Winner of the 2017 Albert J. Raboteau Book Prize for the Best Book
in Africana Religions
Shows how early
20th-century resistance to conventional racial categorization
contributed to broader discussions in black America that still
resonate today
When Joseph
Nathaniel Beckles registered for the draft in the 1942, he rejected
the racial categories presented to him and persuaded the registrar to
cross out the check mark she had placed next to Negro and substitute
“Ethiopian Hebrew.” “God did not make us Negroes,” declared
religious leaders in black communities of the early twentieth-century
urban North. They insisted that so-called Negroes are, in reality,
Ethiopian Hebrews, Asiatic Muslims, or raceless children of God.

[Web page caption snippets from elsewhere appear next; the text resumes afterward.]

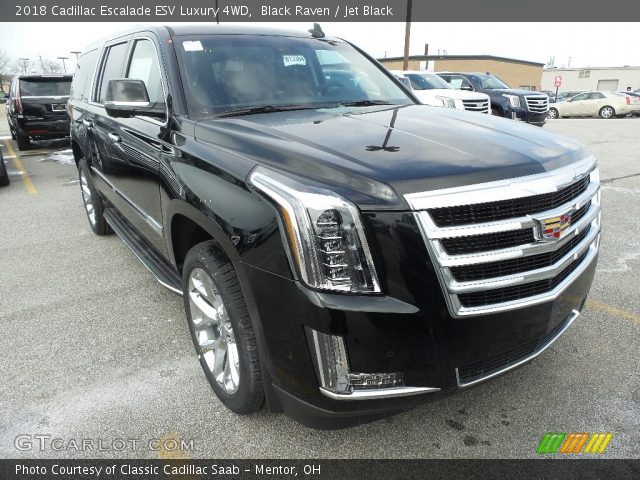 2018 Cadillac Escalade ESV Luxury 4WD in Black Raven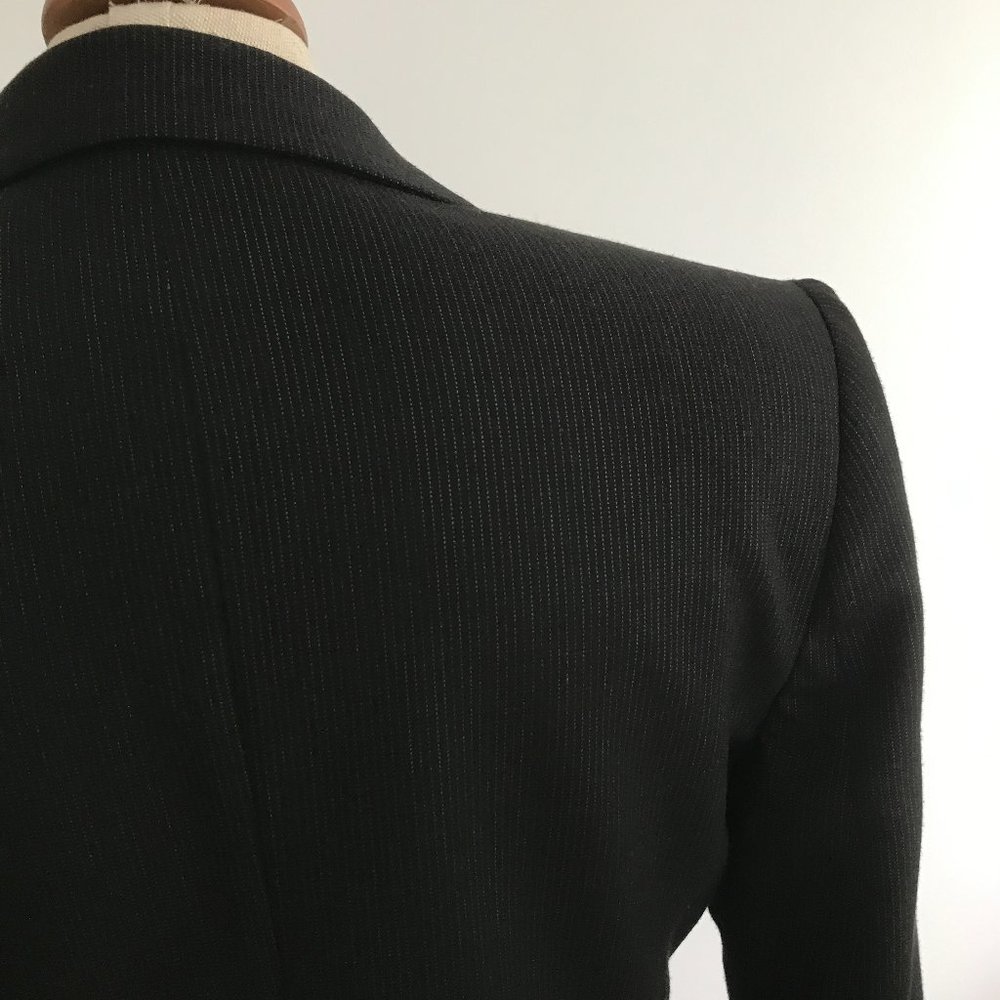Margaret M - Black Jacket with White Strips - Picture 4 of 6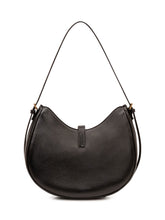 VERSACE - Borsa Hobo Piccola con Medaglione Logo - Nero - LIDIASHOPPING® - Official Website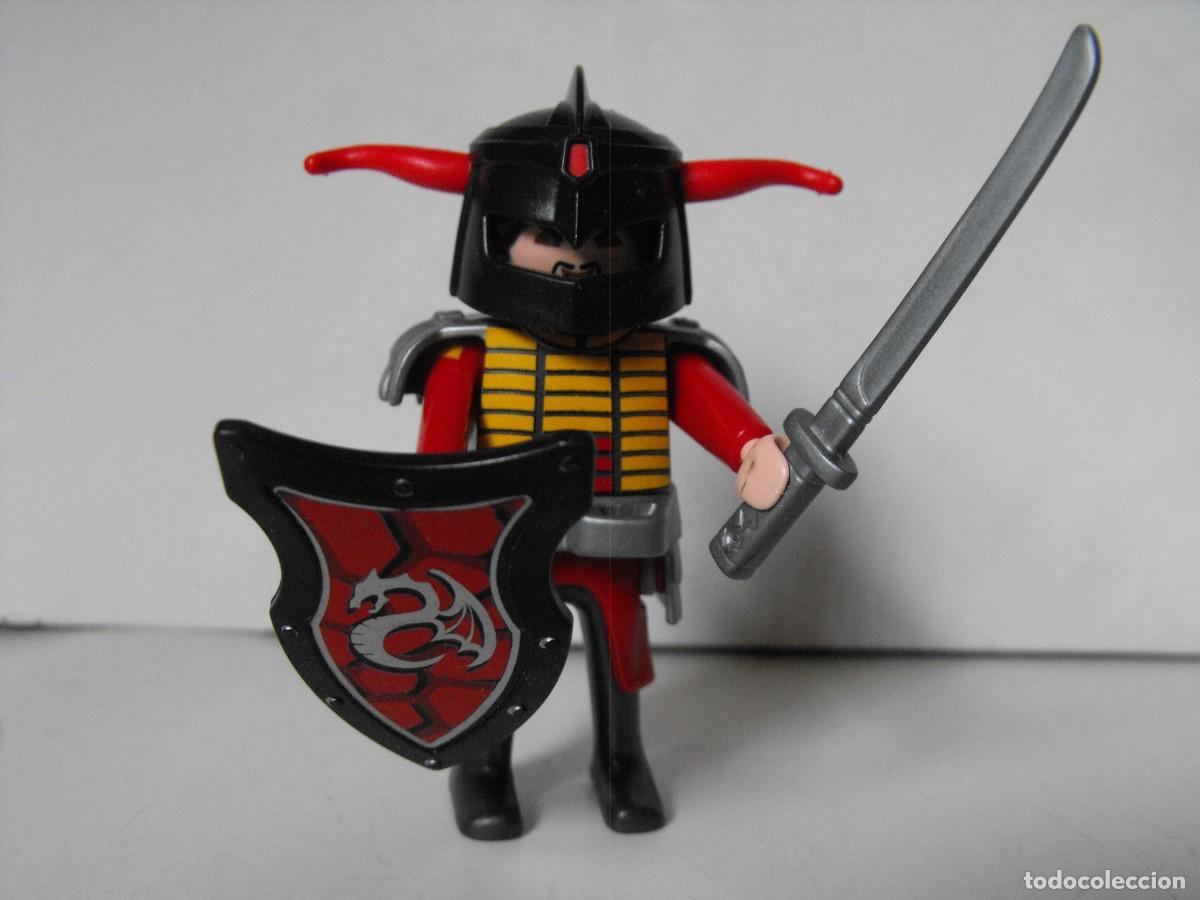 Playmobil: PLAYMOBIL. Figura de soldado guerrero samurai japones.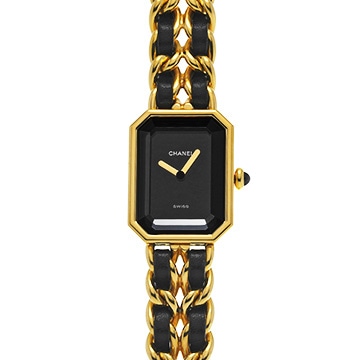 シャネル プルミエール M H0001 ブラック レディース 時計 【中古】【wristwatch】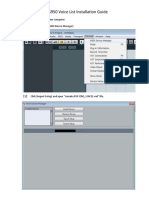 PSR S950 Voice List Installation Guide PDF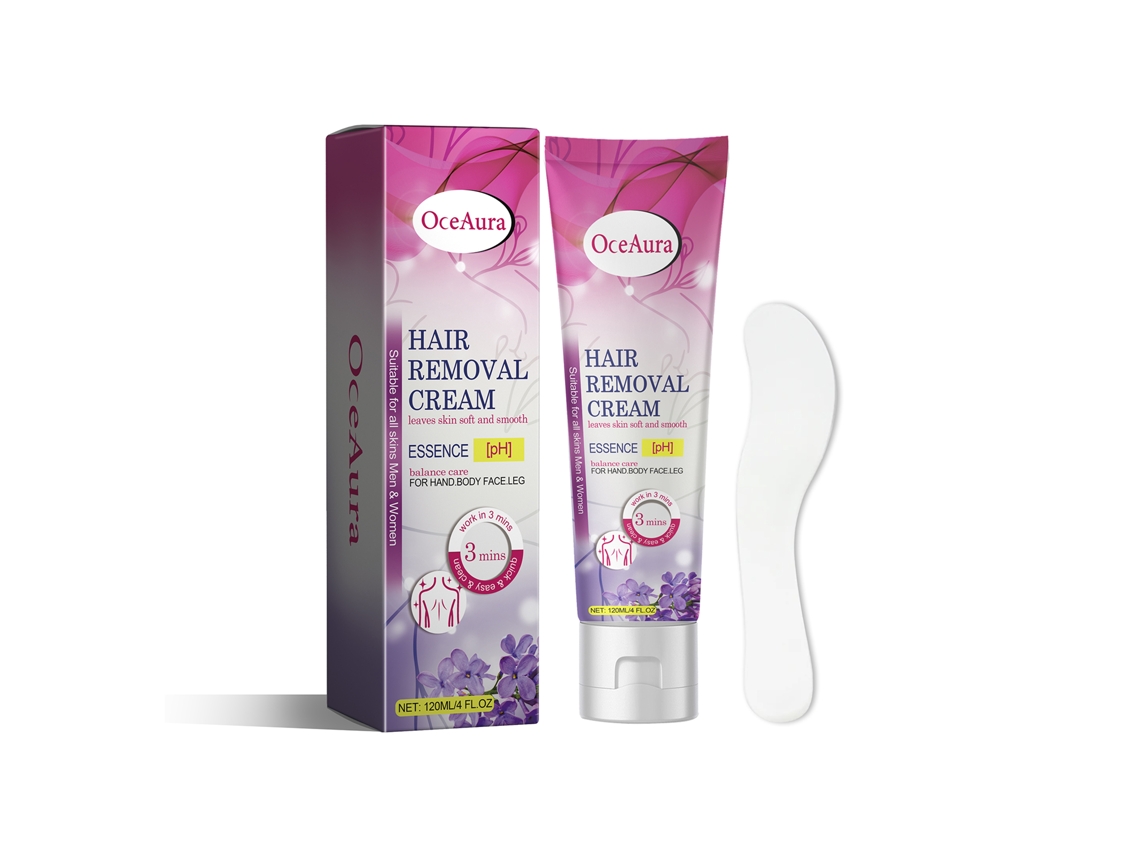 Crema depilatoria herbal Oceaura para cuerpo y axilas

Rejecting conventional American racial classification, many black
southern migrants and immigrants from the Caribbean embraced these
alternative visions of black history, racial identity, and collective
future, thereby reshaping the black religious and racial landscape.
Focusing on the
Moorish Science Temple, the Nation of Islam, Father Divine’s Peace
Mission Movement, and a number of congregations of Ethiopian Hebrews,
Judith Weisenfeld argues that the appeal of these groups lay not only
in the new religious opportunities membership provided, but also in
the novel ways they formulated a religio-racial identity. Arguing
that members of these groups understood their religious and racial
identities as divinely-ordained and inseparable, the book examines
how this sense of self shaped their conceptions of their bodies,
families, religious and social communities, space and place, and
political sensibilities.
Weisenfeld draws on
extensive archival research and incorporates a rich array of sources
to highlight the experiences of average members. The book
demonstrates that the efforts by members of these movements to
contest conventional racial categorization contributed to broader
discussions in black America about the nature of racial identity and
the collective future of black people that still resonate today.